Content starts

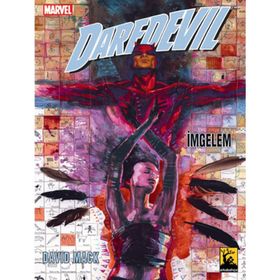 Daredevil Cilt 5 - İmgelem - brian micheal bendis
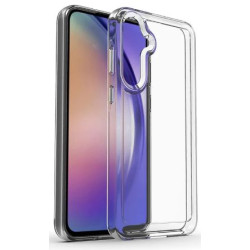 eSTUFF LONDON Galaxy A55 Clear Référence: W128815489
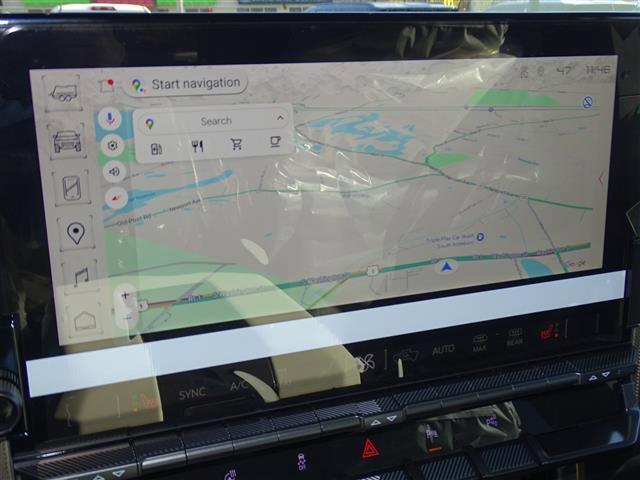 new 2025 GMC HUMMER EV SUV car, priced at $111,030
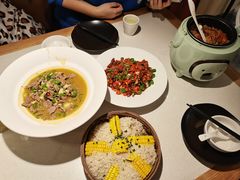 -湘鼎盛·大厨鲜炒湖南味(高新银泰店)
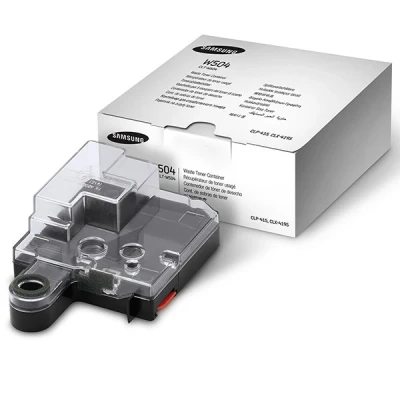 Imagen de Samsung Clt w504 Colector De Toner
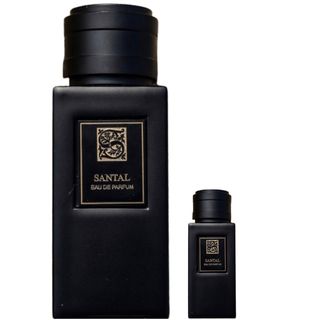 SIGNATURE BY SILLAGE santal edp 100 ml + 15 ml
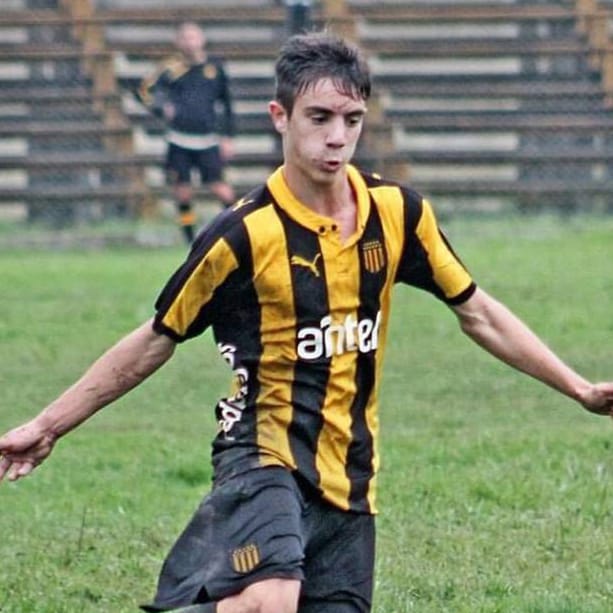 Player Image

Content ends
Content starts

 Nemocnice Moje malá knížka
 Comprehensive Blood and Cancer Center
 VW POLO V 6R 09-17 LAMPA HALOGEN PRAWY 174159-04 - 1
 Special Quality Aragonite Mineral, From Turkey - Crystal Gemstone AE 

Content ends
Content starts

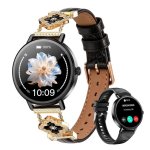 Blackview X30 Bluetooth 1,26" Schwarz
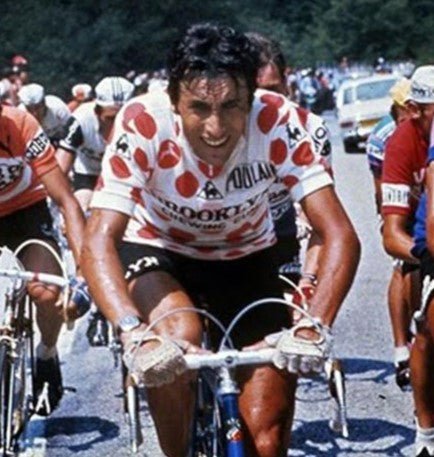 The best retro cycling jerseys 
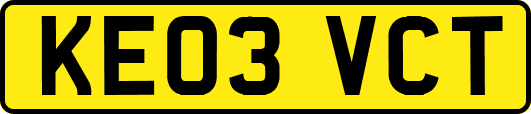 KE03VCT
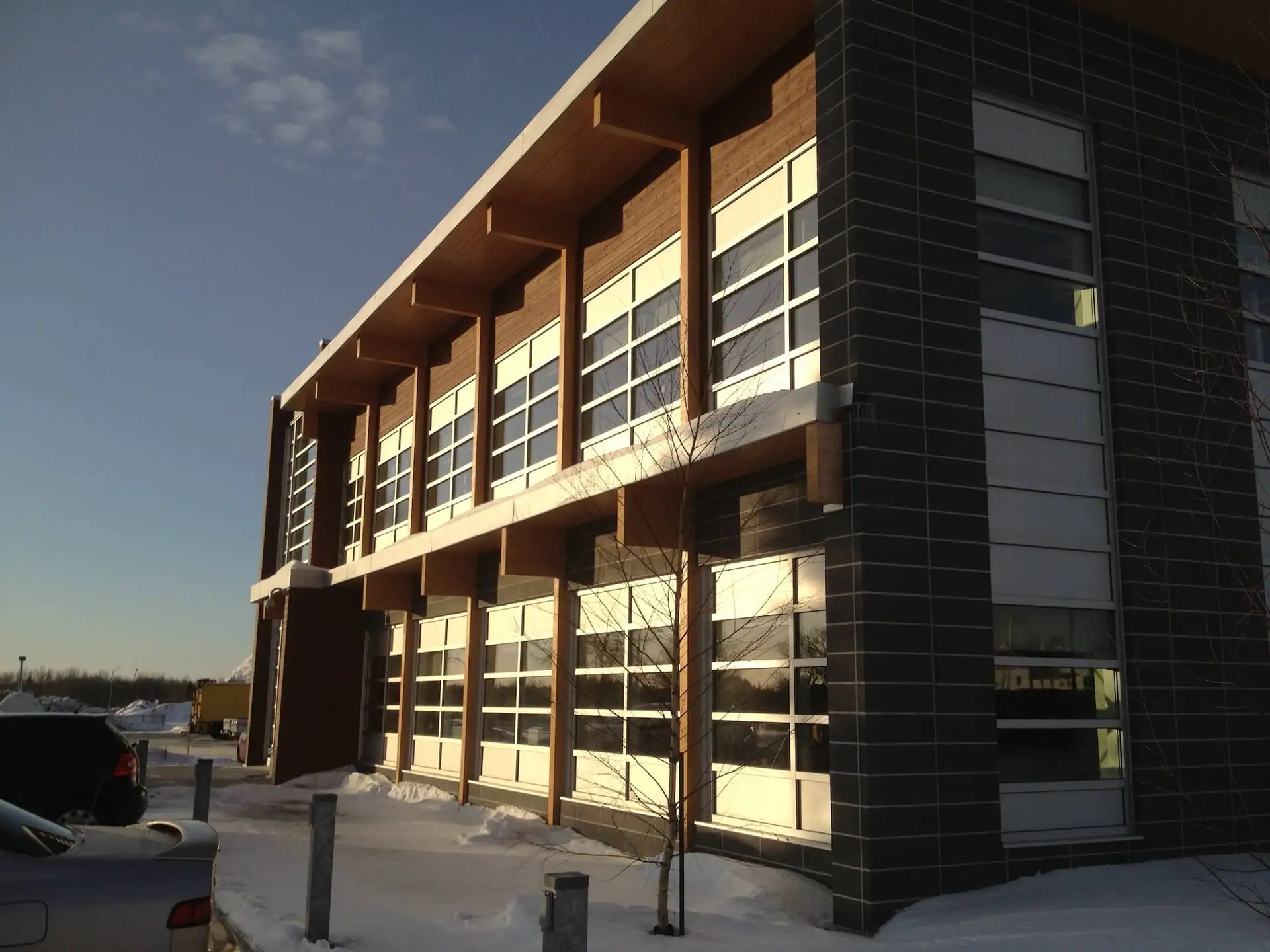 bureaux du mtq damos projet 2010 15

Content ends

Your reply should consist solely of the lines above from the line containing "Daredevil Cilt 5" up to and including the line containing "Player Image", reproduced exactly, minus the pictures.

> [Solution]
 Daredevil Cilt 5 - İmgelem - brian micheal bendis
 eSTUFF LONDON Galaxy A55 Clear Référence: W128815489
 new 2025 GMC HUMMER EV SUV car, priced at $111,030
 -湘鼎盛·大厨鲜炒湖南味(高新银泰店)
 Imagen de Samsung Clt w504 Colector De Toner
 SIGNATURE BY SILLAGE santal edp 100 ml + 15 ml
 Player Image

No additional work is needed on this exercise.